===== Supplied material

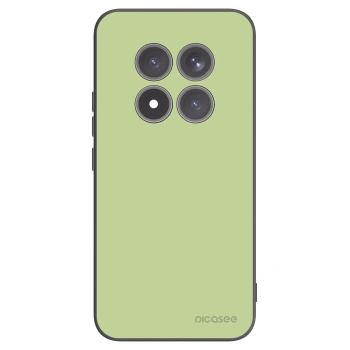 Ovitek za Xiaomi Redmi Note 15 Pro+ - Heavenly Hints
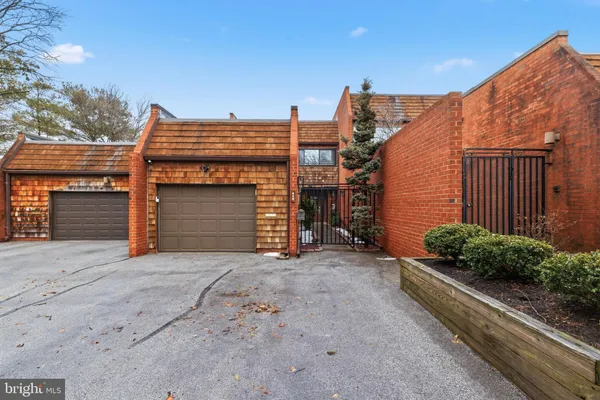 $569,000 | 410 Old Crossing Drive, Baltimore, MD 21208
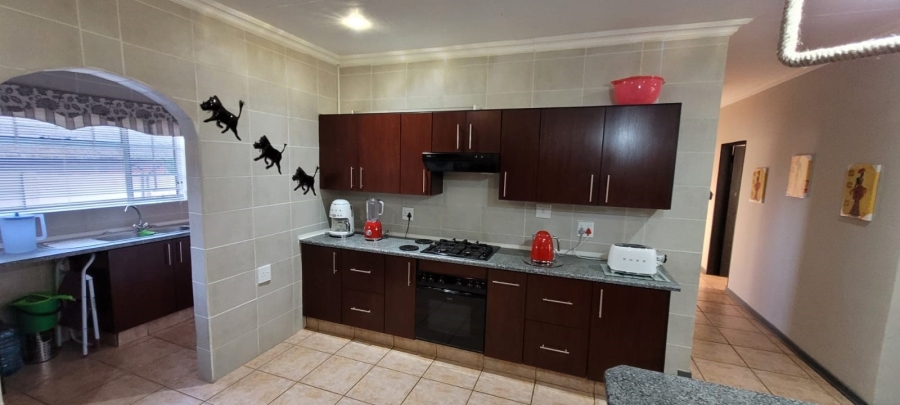 3 Bedroom Property for Sale in Kanonkop Mpumalanga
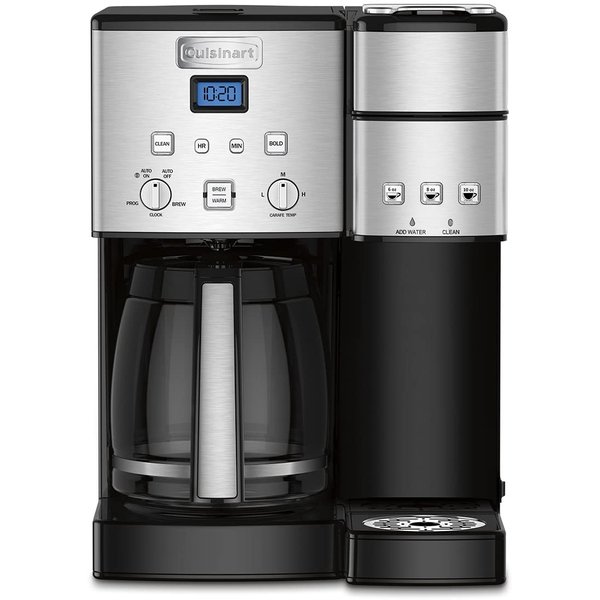 �������ʡ��� 12���åץ����ҡ��᡼���� Cuisinart SS-15P1 ���󥰥륵�����դ�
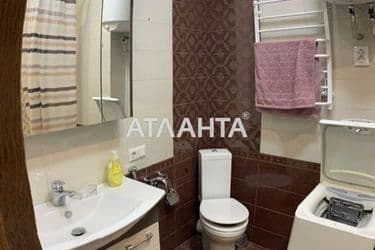 1-room apartment apartment by the address st. Frantsuzskiy bul Proletarskiy bul (area 67 m²) - Atlanta.ua - photo 29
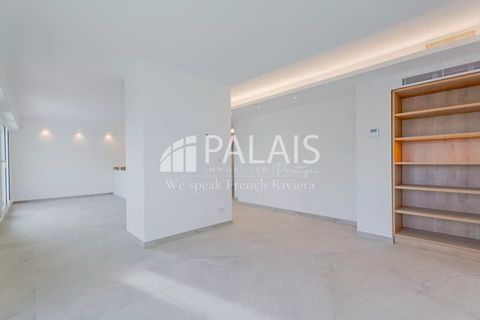 Lejlighed i Nice, Alpes-Maritimes, Nice - € 1.470.000 | Ref: 85901229 - foto 13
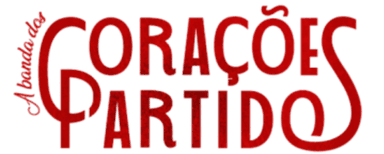 A Banda dos Corações Partidos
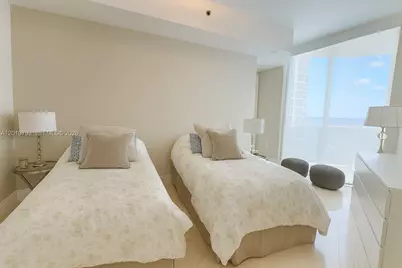 15901 Collins Ave #1203, Sunny Isles Beach, FL 33160 - Photo 17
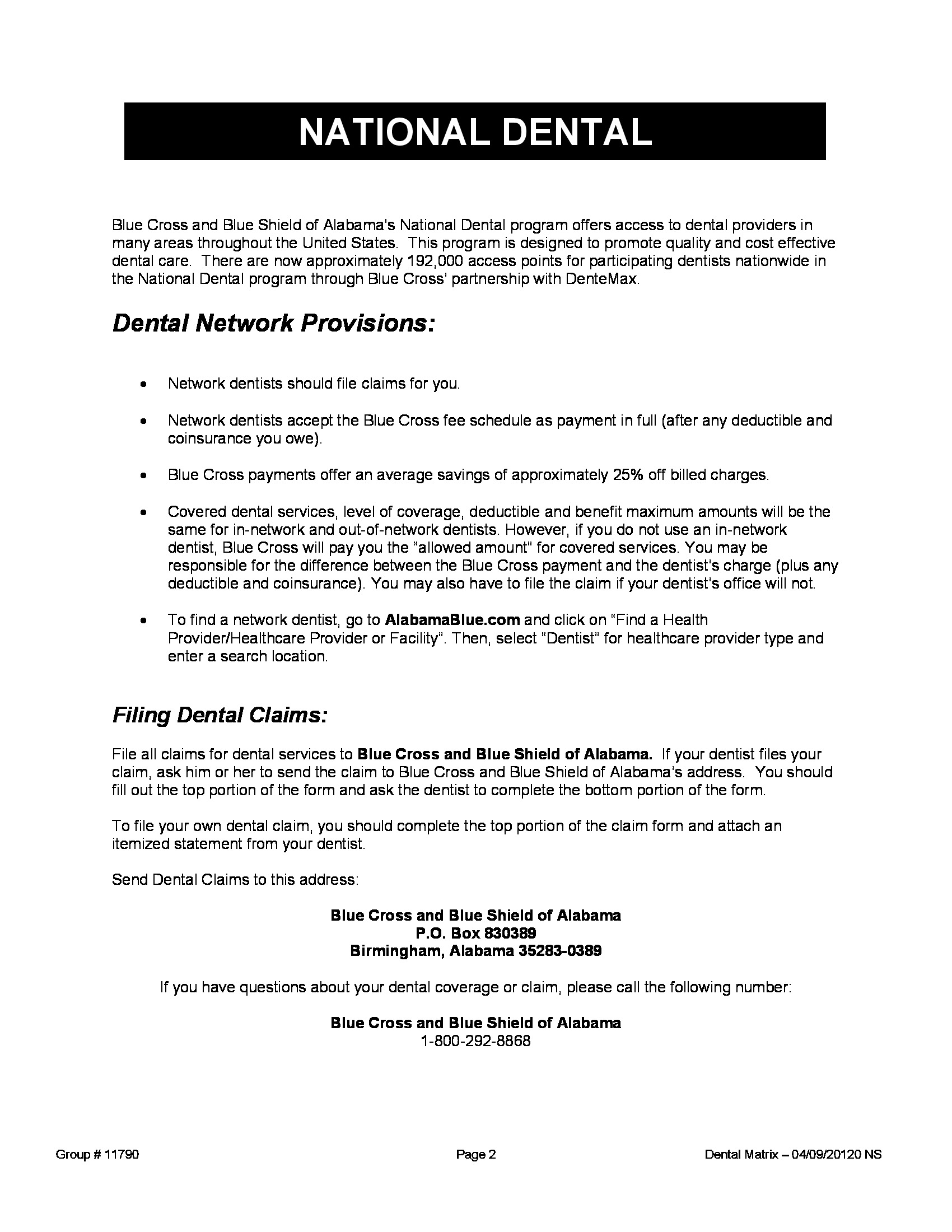 /docs/files/BCBS Dental 2021(1617732439)[1].jpg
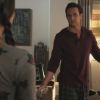 PLL118-0157.jpg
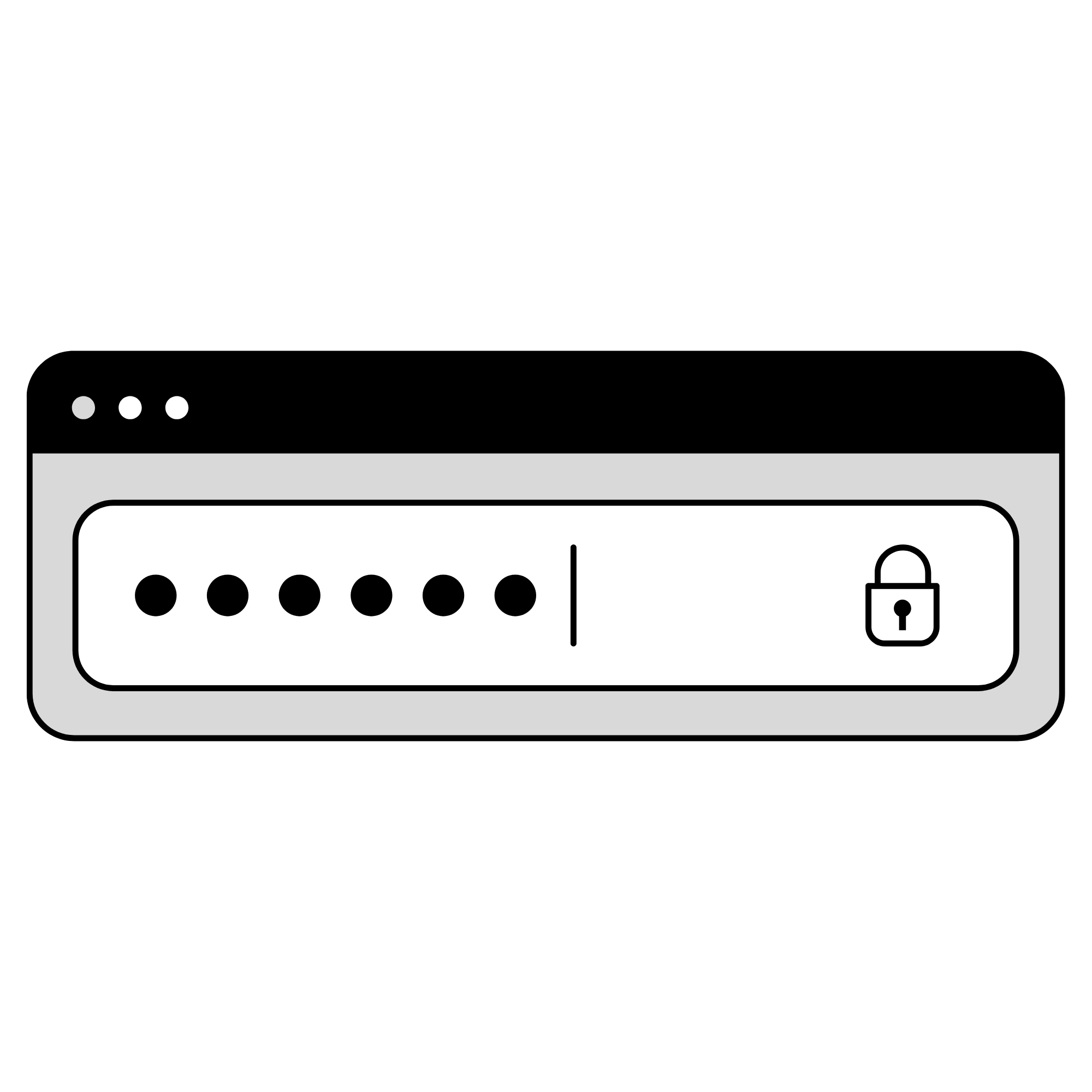 Grade 9 Worksheet: Tracing Theme and Central Idea Development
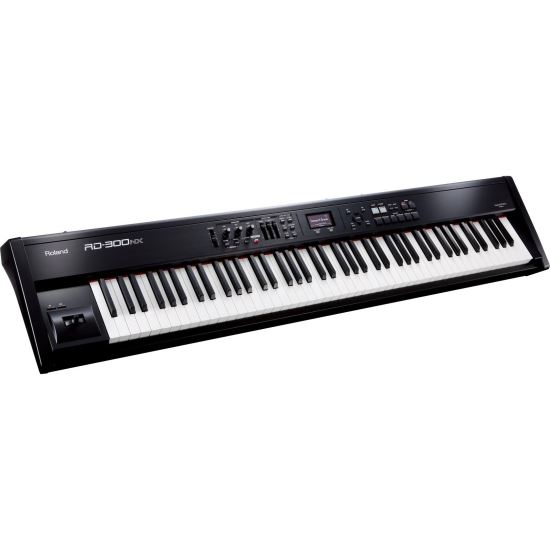 Pian digital Roland RD-300NX
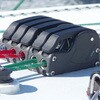 XTS0814/3 XsbN GLXvX XTS spinlock 11605478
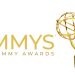 Emmys 2021: se dio a conocer la lista completa de nominados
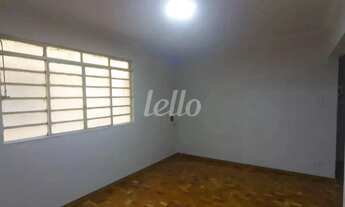 Imagem: Apartamento 2 quartos à venda no(a) Tucuruvi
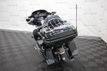 2015 Harley-Davidson CVO Limited FLHTKSE - 23056814 - 4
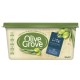 Olive Grove Spread Lite 500g
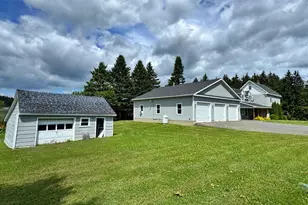 1038 S Perley Brook Rd, Fort Kent, ME 04743 - Photo 67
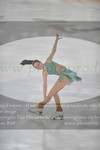 ref. photo 3023247
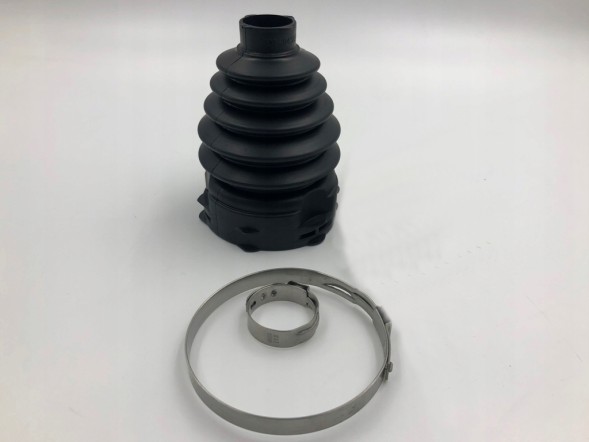 WOLLER 31608680223 PRZEGUBU Joint cover 8680223 for bmw f98 g02 g07 g20 g05 f97 g06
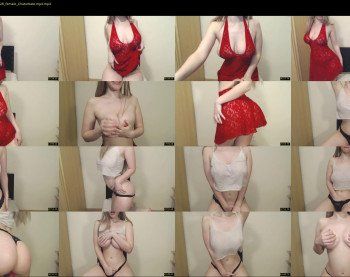 sweat_mia — 51 minute Chaturbate female cam show recording, 1080p, Feb 28, 2019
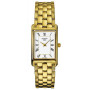 Часы Tissot New Helvetia T73.3.314.13 Часы Tissot New Helvetia T73.3.314.13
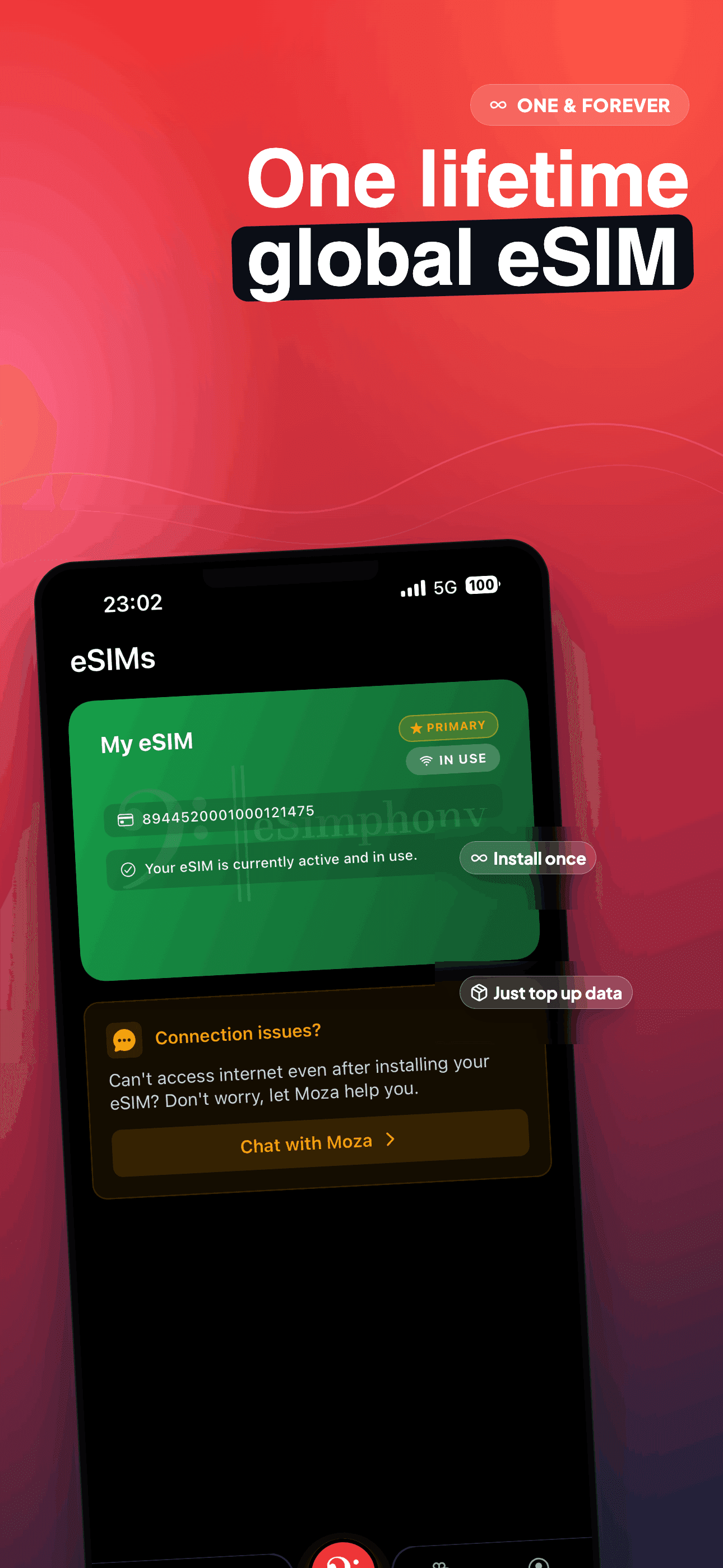 معاينة التطبيق 8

==========

> **Requirement**
Print the listing verbatim, images excluded.

> **Answer box**
 Ovitek za Xiaomi Redmi Note 15 Pro+ - Heavenly Hints
 $569,000 | 410 Old Crossing Drive, Baltimore, MD 21208
 3 Bedroom Property for Sale in Kanonkop Mpumalanga
 �������ʡ��� 12���åץ����ҡ��᡼���� Cuisinart SS-15P1 ���󥰥륵�����դ�
 1-room apartment apartment by the address st. Frantsuzskiy bul Proletarskiy bul (area 67 m²) - Atlanta.ua - photo 29
 Lejlighed i Nice, Alpes-Maritimes, Nice - € 1.470.000 | Ref: 85901229 - foto 13
 A Banda dos Corações Partidos
 15901 Collins Ave #1203, Sunny Isles Beach, FL 33160 - Photo 17
 /docs/files/BCBS Dental 2021(1617732439)[1].jpg
 PLL118-0157.jpg
 Grade 9 Worksheet: Tracing Theme and Central Idea Development
 Pian digital Roland RD-300NX
 XTS0814/3 XsbN GLXvX XTS spinlock 11605478
 Emmys 2021: se dio a conocer la lista completa de nominados
 Imagem: Apartamento 2 quartos à venda no(a) Tucuruvi
 2015 Harley-Davidson CVO Limited FLHTKSE - 23056814 - 4
 Olive Grove Spread Lite 500g
 1038 S Perley Brook Rd, Fort Kent, ME 04743 - Photo 67
 ref. photo 3023247
 WOLLER 31608680223 PRZEGUBU Joint cover 8680223 for bmw f98 g02 g07 g20 g05 f97 g06
 sweat_mia — 51 minute Chaturbate female cam show recording, 1080p, Feb 28, 2019
 Часы Tissot New Helvetia T73.3.314.13 Часы Tissot New Helvetia T73.3.314.13
 معاينة التطبيق 8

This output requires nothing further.